REQUIREMENT: The stretch wanted below opens at the line containing "Hermès Pre-Owned 1991 Caraïbes silk scarf" and closes at the line containing "Delta Faucet Lumicoat&reg;". Please return it exactly, with no other lines.

━━━ DATASET EXTRACT

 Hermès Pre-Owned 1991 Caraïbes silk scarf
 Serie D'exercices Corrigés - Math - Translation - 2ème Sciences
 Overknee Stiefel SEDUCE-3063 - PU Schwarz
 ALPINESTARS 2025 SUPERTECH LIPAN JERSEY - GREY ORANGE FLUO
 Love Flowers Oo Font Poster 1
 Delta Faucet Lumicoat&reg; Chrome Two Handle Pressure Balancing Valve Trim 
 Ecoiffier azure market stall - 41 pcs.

━━━━━━
━━━ DATASET EXTRACT

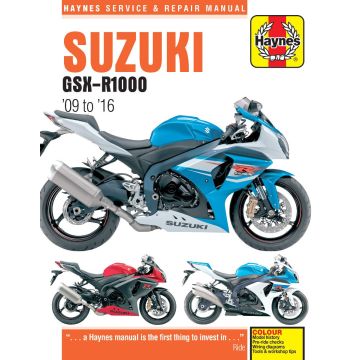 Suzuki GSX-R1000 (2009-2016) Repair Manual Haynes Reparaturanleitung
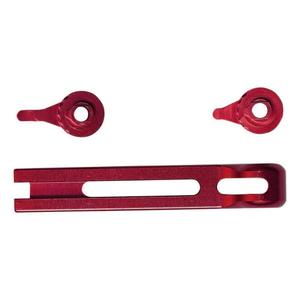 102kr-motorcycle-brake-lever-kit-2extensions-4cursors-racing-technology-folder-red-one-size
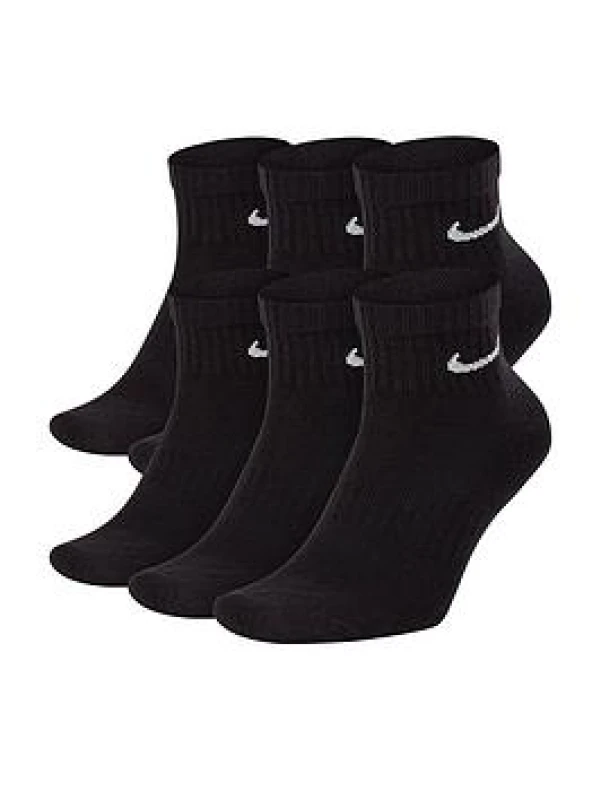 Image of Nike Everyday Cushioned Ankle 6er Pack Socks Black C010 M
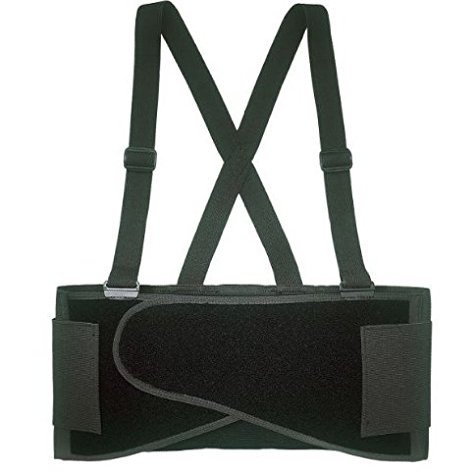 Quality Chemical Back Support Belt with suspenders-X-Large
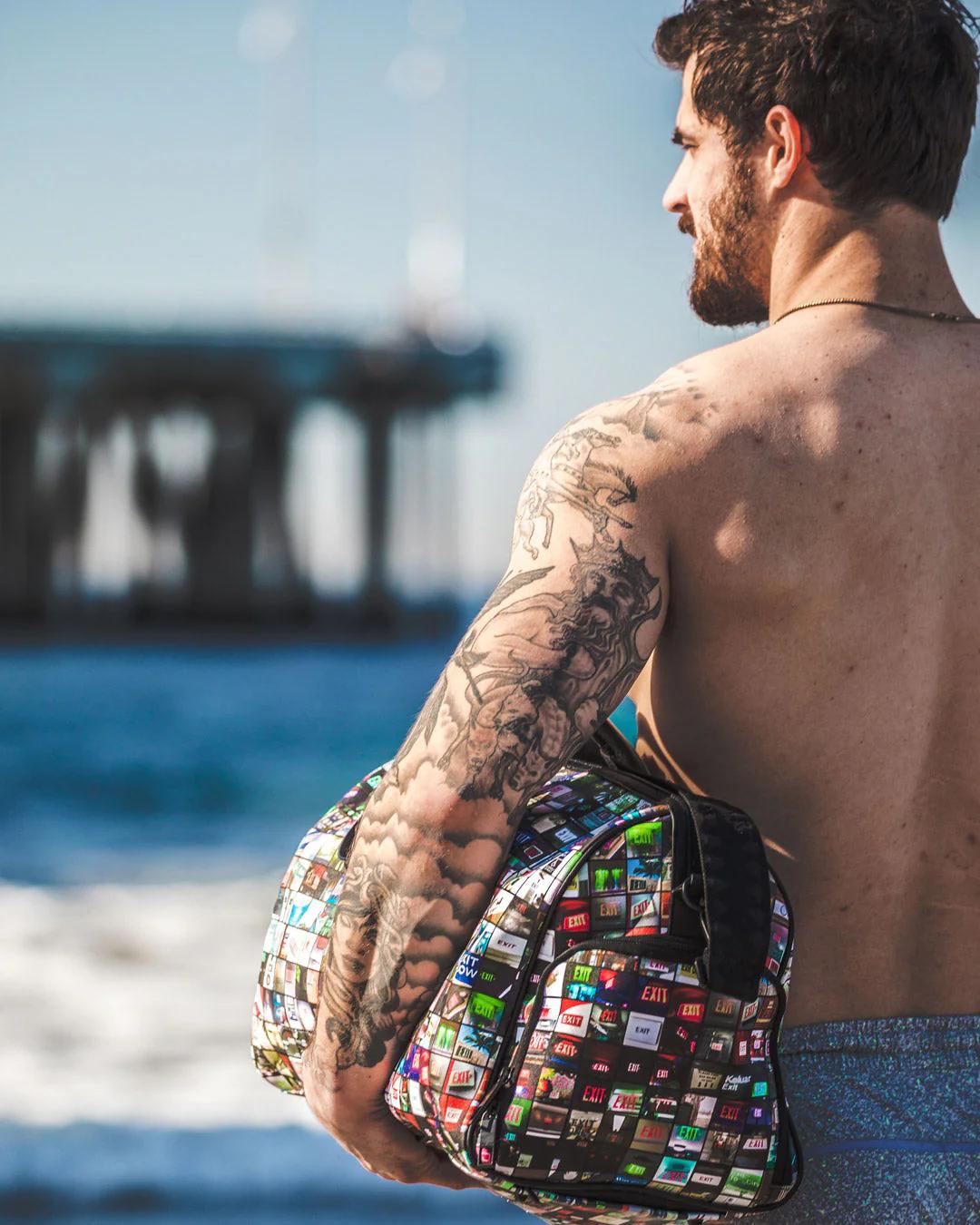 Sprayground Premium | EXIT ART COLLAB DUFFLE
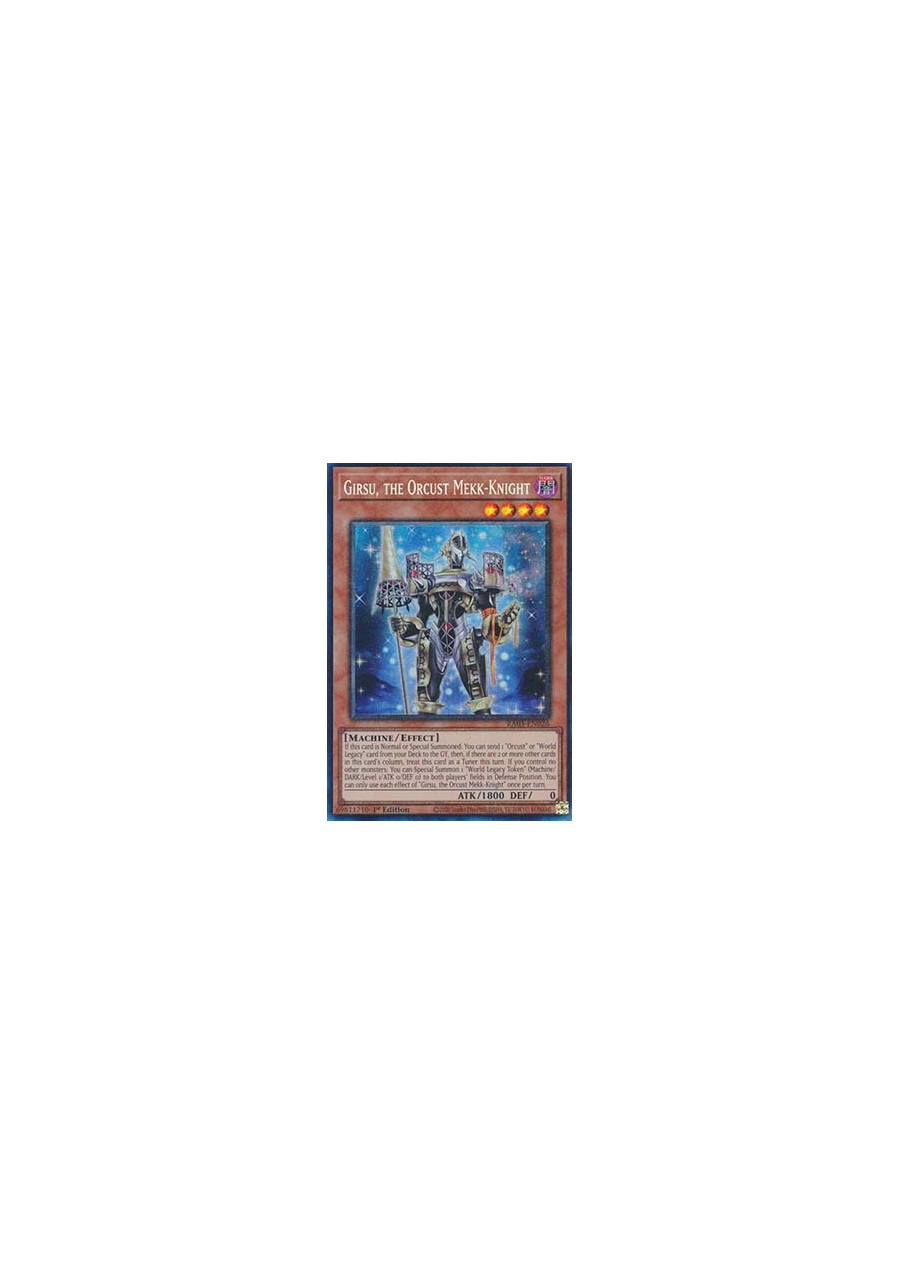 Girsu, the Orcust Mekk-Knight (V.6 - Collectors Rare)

━━━━━━

EXERCISE RESPONSE:
 Hermès Pre-Owned 1991 Caraïbes silk scarf
 Serie D'exercices Corrigés - Math - Translation - 2ème Sciences
 Overknee Stiefel SEDUCE-3063 - PU Schwarz
 ALPINESTARS 2025 SUPERTECH LIPAN JERSEY - GREY ORANGE FLUO
 Love Flowers Oo Font Poster 1
 Delta Faucet Lumicoat&reg; Chrome Two Handle Pressure Balancing Valve Trim 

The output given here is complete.